Your transcription must include every record word for word and no pictures.
==== DATA SHOWN
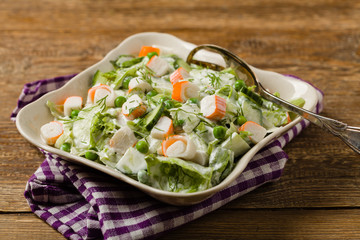Crab sticks salad with peas, cucumber and mayonnaise.
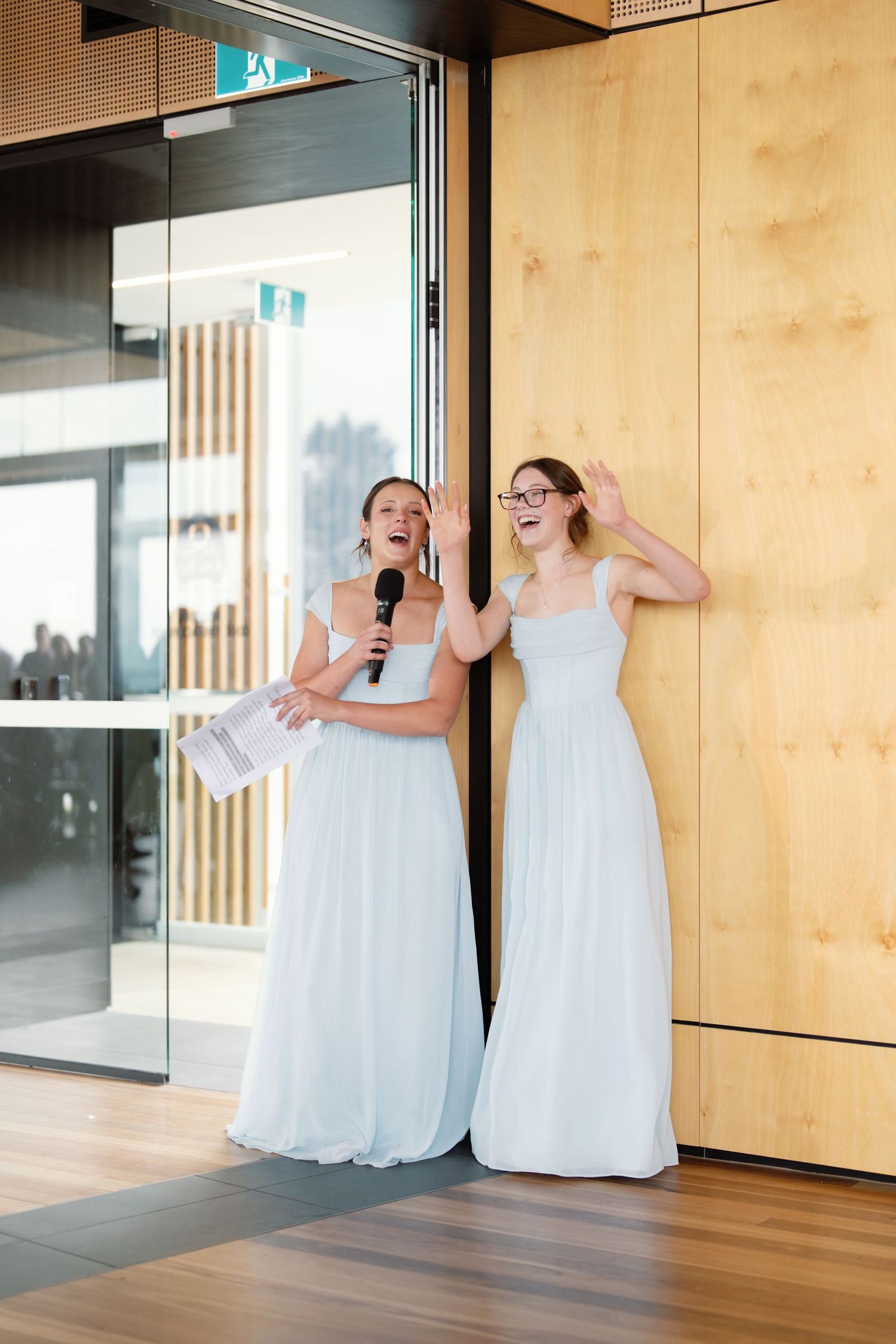 Bridesmaids in white dresses share a laughing moment in a modern wood-paneled hallway.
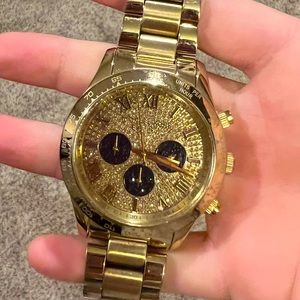 Michael Kors gold watch W/ black and white crystals on the face. Good condition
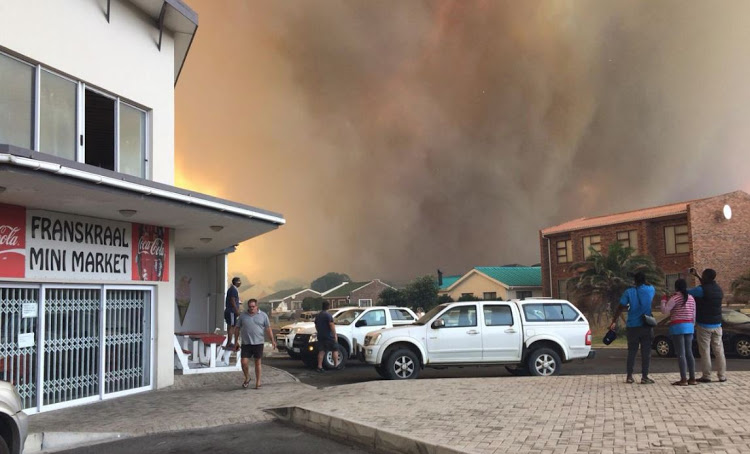 Smoke engulfs the coastal village of Franskraal, near Gansbaai on Friday.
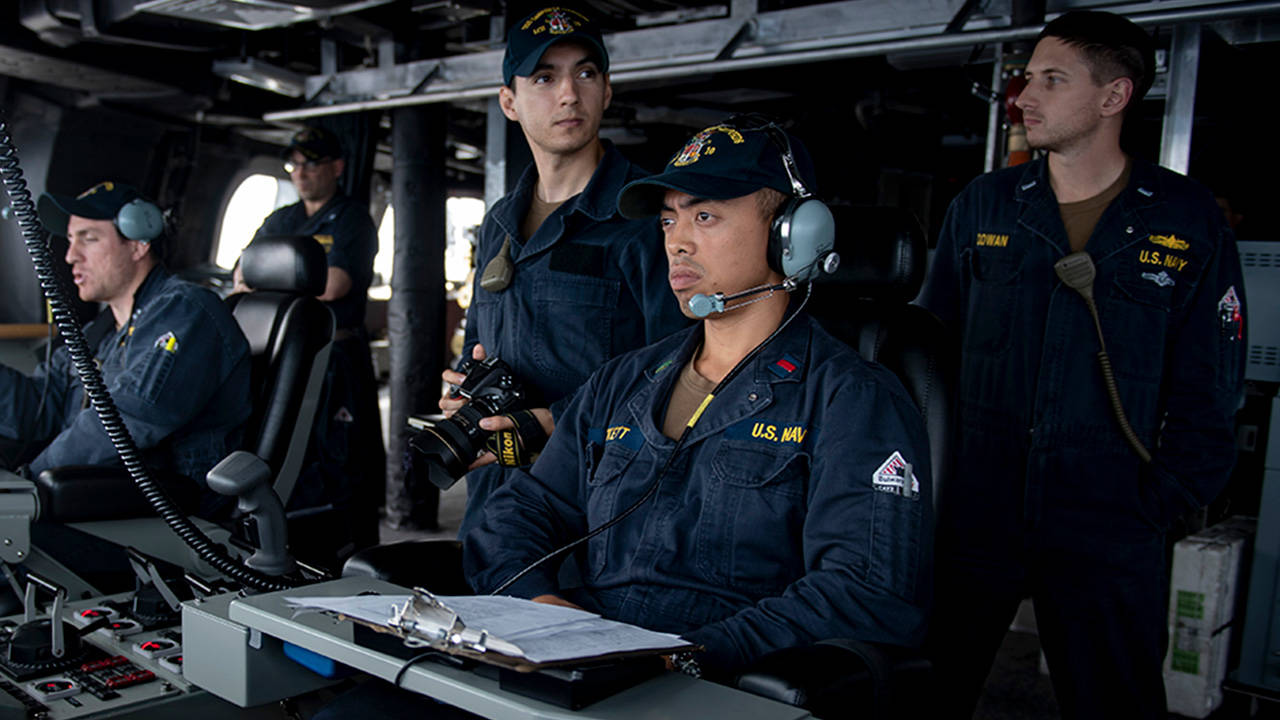 Sailors in the bridge of the Independence variant littoral combat ship USS Gabrielle Giffords LCS 10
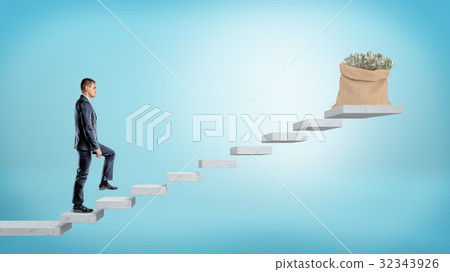 A businessman walking concrete steps made of 32343926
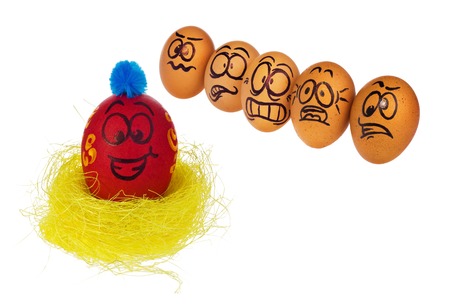 Easter eggs, hand-made painted in various patterns and colors with cartoon faces. Eggs in natural colors look with horror, astonishment and fear at colored smiling face of Easter eggs in a bird's nest.の写真素材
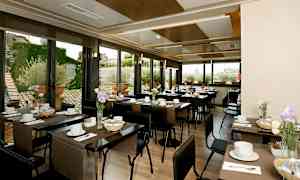 En ljus restaurang med dukade bord, dekorerade med blommor och fönster som visar en utomhusmiljö. (AI-genererad text)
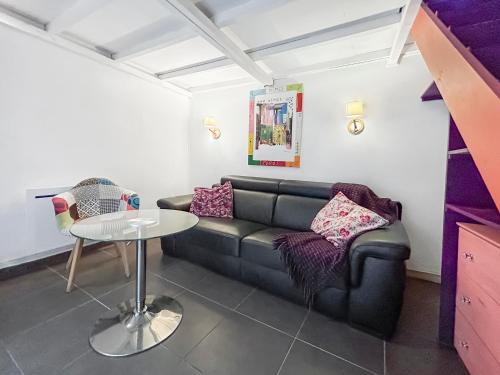 Posezení v ubytování Chez Jeanine - Studio avec Wifi et Climatisation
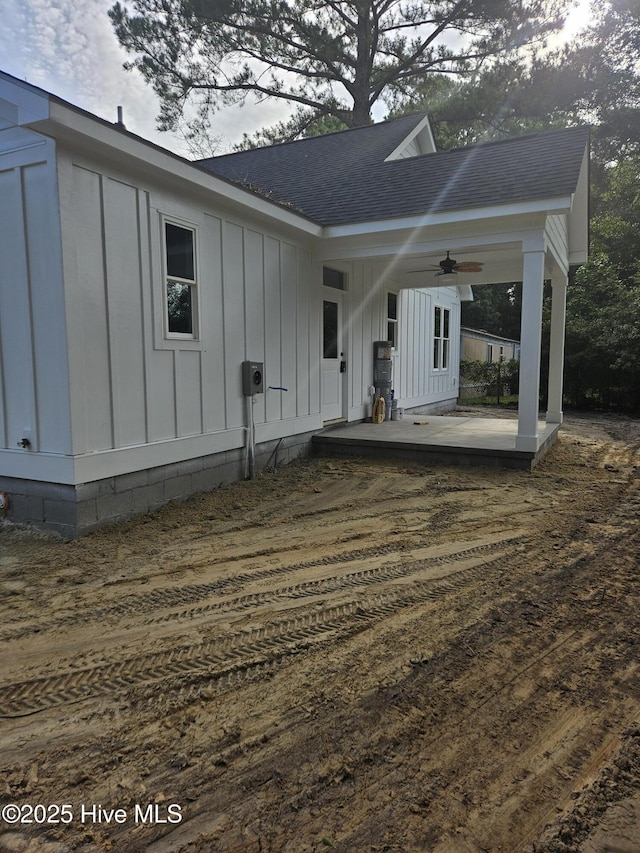 7151 Dale Ave SW, Ocean Isle Beach, NC 28469 - back of house with board and batten siding, ceiling fan, and a shingled roof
========
◆ TASK RESULT:
Crab sticks salad with peas, cucumber and mayonnaise.
 Bridesmaids in white dresses share a laughing moment in a modern wood-paneled hallway.
 Michael Kors gold watch W/ black and white crystals on the face. Good condition
 Smoke engulfs the coastal village of Franskraal, near Gansbaai on Friday.
 Sailors in the bridge of the Independence variant littoral combat ship USS Gabrielle Giffords LCS 10
 A businessman walking concrete steps made of 32343926
 Easter eggs, hand-made painted in various patterns and colors with cartoon faces. Eggs in natural colors look with horror, astonishment and fear at colored smiling face of Easter eggs in a bird's nest.の写真素材
 En ljus restaurang med dukade bord, dekorerade med blommor och fönster som visar en utomhusmiljö. (AI-genererad text)
 Posezení v ubytování Chez Jeanine - Studio avec Wifi et Climatisation
 7151 Dale Ave SW, Ocean Isle Beach, NC 28469 - back of house with board and batten siding, ceiling fan, and a shingled roof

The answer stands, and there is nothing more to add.